Les principales causes de la crise de mai 1972 sont aussi progressivement connues. La CVR dispose actuellement de centaines de noms des victimes. Tout porte à croire que le régime de l’époque était bien informé des préparatifs des attaques des insurgés. Les témoins qui se sont confiés à la CVR à Vugizo pointent du doigt les mayi mulélés d’avoir été à la base de leurs malheurs. Plusieurs fosses communes découvertes et excavées par la CVR sont des preuves irréfutables de la barbarie du second trimestre de 1972. Les équipes de la CVR déployées dans Makamba en province ont exhumé plus de 1191 victimes dans 34 fosses communes de Vugizo, Makamba et Mabanda.

La commune de Vugizo compte à elle seule 672 victimes exhumées dans 17 fosses communes, selon le bilan communiqué par Amb. Pierre Claver Ndayicariye, Président de la CVR, le 17 octobre 2020, jour de la clôture provisoire des activités de la Commission dans la Province de Makamba.

Les témoins interrogés précisent que les insurgés qui sont arrivés à Vugizo sont une branche des mulélistes venus de Nyanza-Lac, armés de machettes et de lances. Ils sont allés de maison en maison, exigeant que quiconque se trouve sur leur passage apporte une machette ou une lance pour les aider à se défaire du régime oppresseur tutsi.

Un témoin raconte

Arrivés à Vugizo, les Mayi mulele ont rassemblé un grand nombre de la population hutu. Ils ont alors commencé à arrêter des tutsi pour les conduire au bureau de la commune de Vugizo situé à la colline et zone de Rabiro. Ce bureau a été entre les mains des insurgés pendant près d’une semaine… Avant d’être tués, les tutsi étaient d’abord enfermés dans une cellule à porte de tôles qui servait de cuisine pour le personnel du bureau communal de Vugizo avant d’être transféré à la colline de Gikuzi. Ainsi, chaque tutsi devait attendre l’appel de son nom avant d’être exécuté, a dit un témoin.

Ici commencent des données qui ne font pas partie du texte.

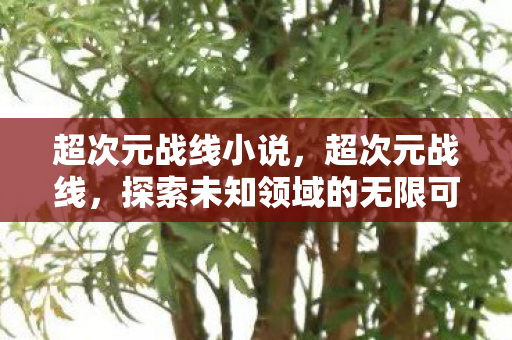 超次元战线小说，超次元战线，探索未知领域的无限可能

Un hélicoptère a tiré sur des insurgés

Des témoignages sont concordants pour dire que la peur a changé de camp depuis l’apparition d’un hélicoptère sur les hauteurs de la colline Rabiro. Les insurgés mulélistes ont subi des tirs de cet appareil militaire venu pour sauver les tutsi. Ceux qui n’ont pas été abattu sur place ont pris la fuite vers la Tanzanie.

La défaite des insurgés a donné l’occasion aux tutsi de se venger. Ils sont allés colline par colline à la ‘recherche des hutu qui avaient portés des feuilles sur la tête’ en guise de solidarité aux mayi mulele. Partout où ils se cachaient. Des hutu ont été encouragé à dénoncer d’autres hutu qui auraient collaboré avec les mayi mulele, et à montrer où ils se cachaient.

Une autorité administrative à Vugizo a convoqué tous les hommes adultes et valides de la commune à venir prendre part à une réunion dite de pacification convoquée par le Chef de l’Etat sur le terrain de football de Gikuzi. Ils sont venus de Rabiro, Gikuzi, Gishiha, Martyazo et autres collines de Vugizo. Même les personnes blotties dans des brousses étaient invitées à sortir pour rejoindre les autres, de peur d’être accusées d’avoir collaboré avec les mulelistes.

Suite à cet appel, les citoyens qui ont répondu présents à la réunion ont été sélectionnés en fonction de leur appartenance ethnique. Les hutu furent alors appréhendés et massacrés par des militaires sur le terrain de football de Gikuzi. Très peu s’en sont sortis. Plusieurs hutu n’eurent d’autre choix que l’exil à Kagunga en Tanzanie.

La CVR a exhumé en septembre et en octrobre 2020 beaucoup de ces victimes de 1972 près du terrain de football de Gikuzi, jetées dans huit fosses communes. Vugizo pleura ainsi d’abord des victimes tutsi tuées par des insurgés mayi mulele et des hutu ; puis des victimes hutu tuées par des militaires et des tutsi dans des actes dit de vengeance.

Ce jour de triste mémoire à Gikuzi marqua pour très longtemps une rupture sociale profonde entre les deux ethnies, hutu et tutsi, dans cette région Sud du Burundi.